Le coordinate di “una pace possibile” sono state tracciate. A illustrarle al presidente dell’ Autorità nazionale palestinese, Mahmud Abbas (Abu Mazen), è stato Gordon Mitchell, l’inviato speciale per il Medio Oriente del presidente degli Stati Uniti, Barack Obama. È il “piano Obama” per una “soluzione duratura e globale” del conflitto israelo-palestinese.
A rivelare a l’ Unità gli assi portanti del piano è, con richiesta di restare anonimo, uno dei più stretti collaboratori di Abu Mazen.

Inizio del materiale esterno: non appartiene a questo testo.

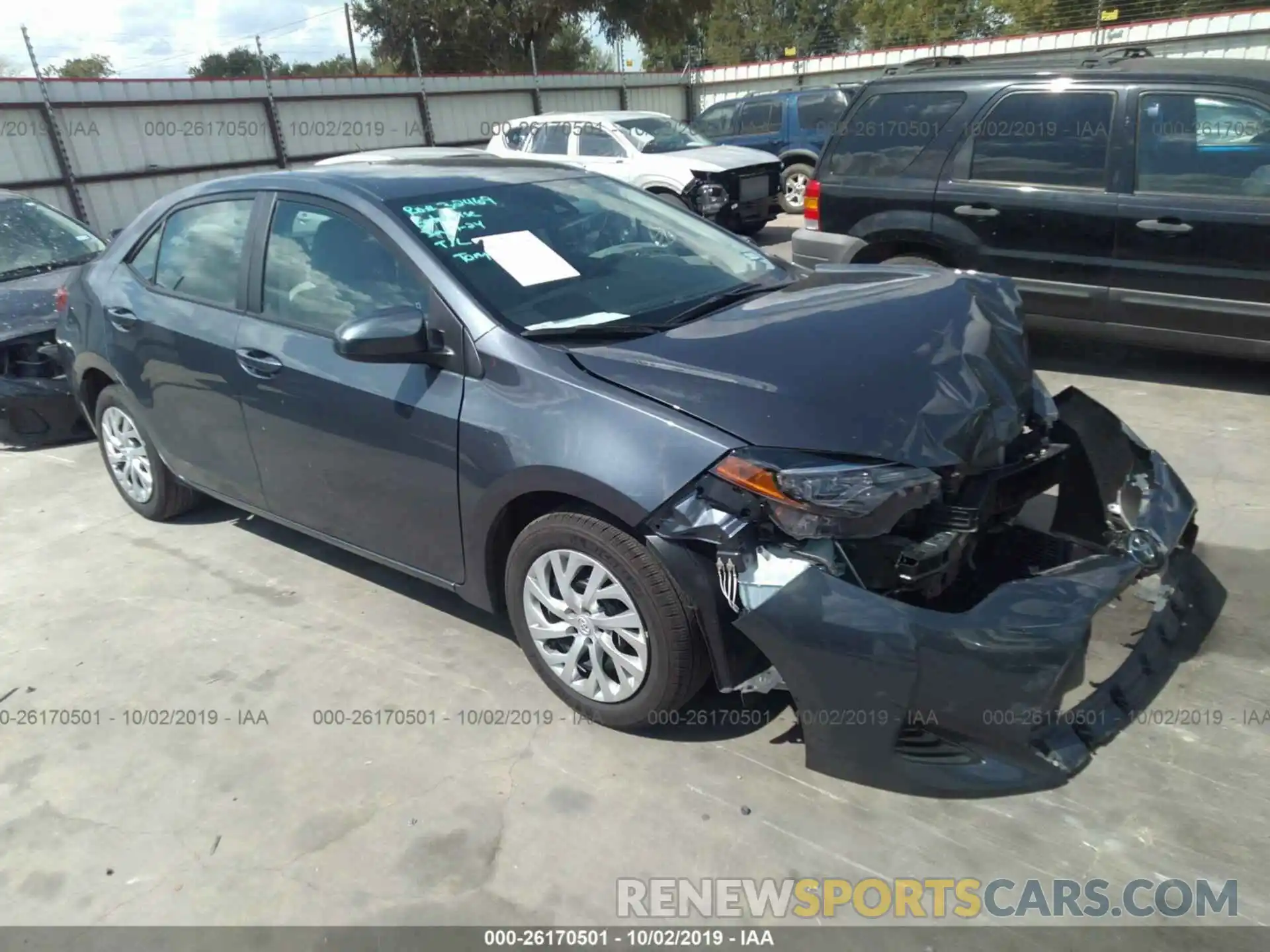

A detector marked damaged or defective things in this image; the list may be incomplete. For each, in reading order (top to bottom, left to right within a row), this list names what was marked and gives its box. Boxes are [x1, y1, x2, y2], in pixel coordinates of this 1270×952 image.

crumpled hood [659, 143, 778, 169]
crumpled hood [0, 266, 79, 344]
detached bumper [0, 373, 88, 447]
damaged vehicle [0, 193, 103, 450]
damaged vehicle [62, 160, 1228, 799]
crumpled hood [572, 266, 1048, 471]
broken headlight [714, 450, 942, 539]
front-end collision damage [651, 386, 1228, 793]
detached bumper [736, 386, 1228, 793]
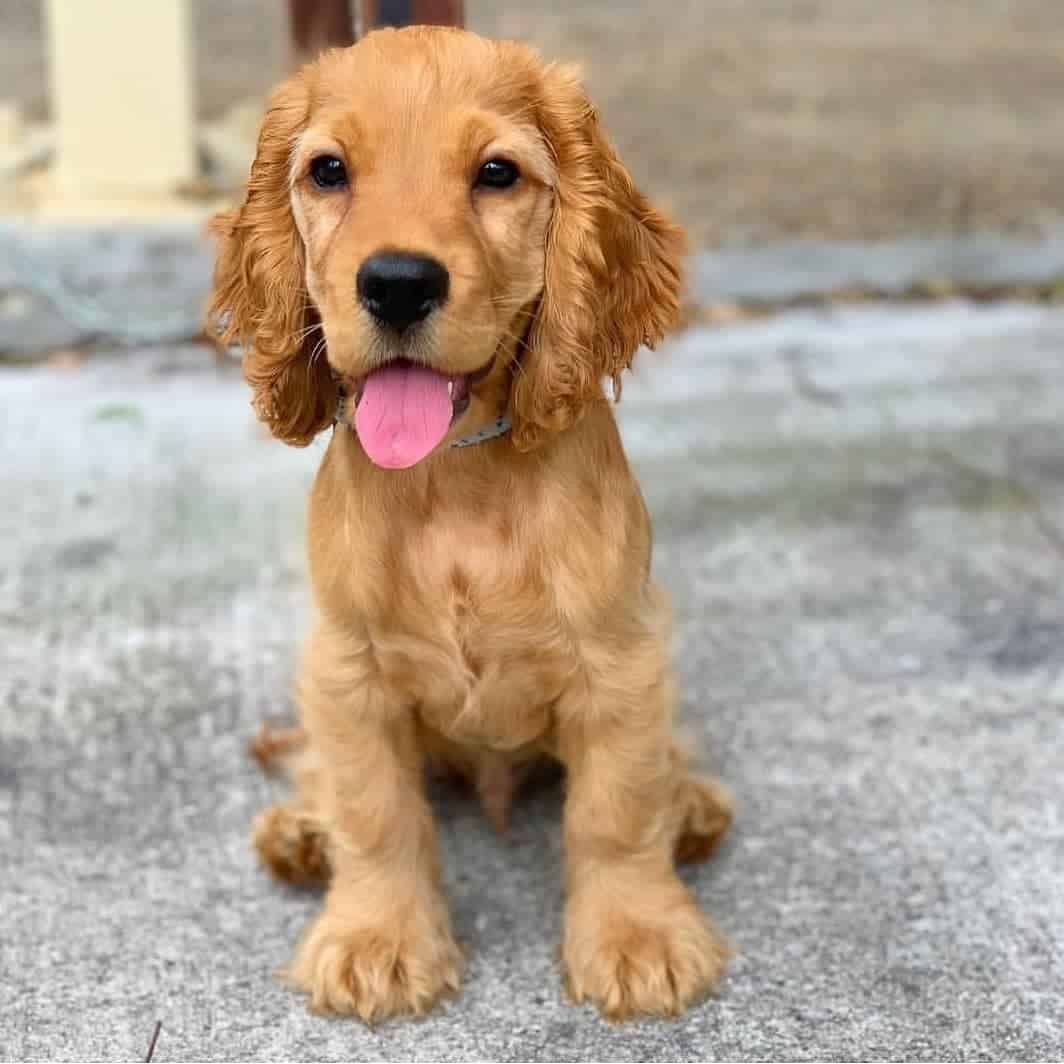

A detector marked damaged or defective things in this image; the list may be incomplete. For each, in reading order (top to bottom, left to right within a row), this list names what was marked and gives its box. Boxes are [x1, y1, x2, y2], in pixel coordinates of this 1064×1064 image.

Il “piano Obama” rappresenta una svolta strategica nell’ approccio americano al dossier mediorientale. Perchè va ben oltre l ‘enunciazione del principio dei due Stati, mettendo in campo una azione a tutto campo, cha va dalla politica al militare, dalla diplomazia all’ economia. Il “piano Obama” punta a coinvolgere altri partner arabi che la diplomazia statunitense considera fattori decisivi per un processo di stabilizzazione del Medio Oriente: si spiega così l’ apertura alla Siria e, cosa non meno significativa, l’ avvicinamento dell’ amministrazione Obama alle posizioni assunte da alcuni Paesi europei per ciò che concerne un’ altra questione cruciale: il coinvolgimento di Hamas in un negoziato (in una prima fase indiretto) che non si limiti al rafforzamento del cessate il fuoco a Gaza, ma che, passando per la ricostruzione della Striscia, finisca per tirar dentro Hamas, o quanto meno esponenti della sua ala più pragmatica, ad una trattativa che porti alla nascita dello Stato indipendente di Palestina. Le prove di disgelo avviate dagli Usa con la Siria di Bashar el Assad –i cui legami con Hamas palestinese ed Heezbollah libanese sono acclarati- vanno letti anche in questa chiave: avviare un dialogo con Hamas attraverso quei regimi arabi (come quello baathista siriano) che con il movimento islamico palestinese intrattengono rapporti di particolare collaborazione (un discorso che, in una prospettiva ravvicinata, potrebbe riguardare anche l’ Iran).
Sono quattro gli assi portanti del “piano Obama”. Ognuno dei quali investe nodi strategici del conflitto israelo-palestinese. Primo asse: la creazione di uno Stato palestinese demilitarizzato con stazionamento di forze americane internazionali (sul modello Unifil 2 nel Sud Libano) a garanzia della sicurezza e dei confini.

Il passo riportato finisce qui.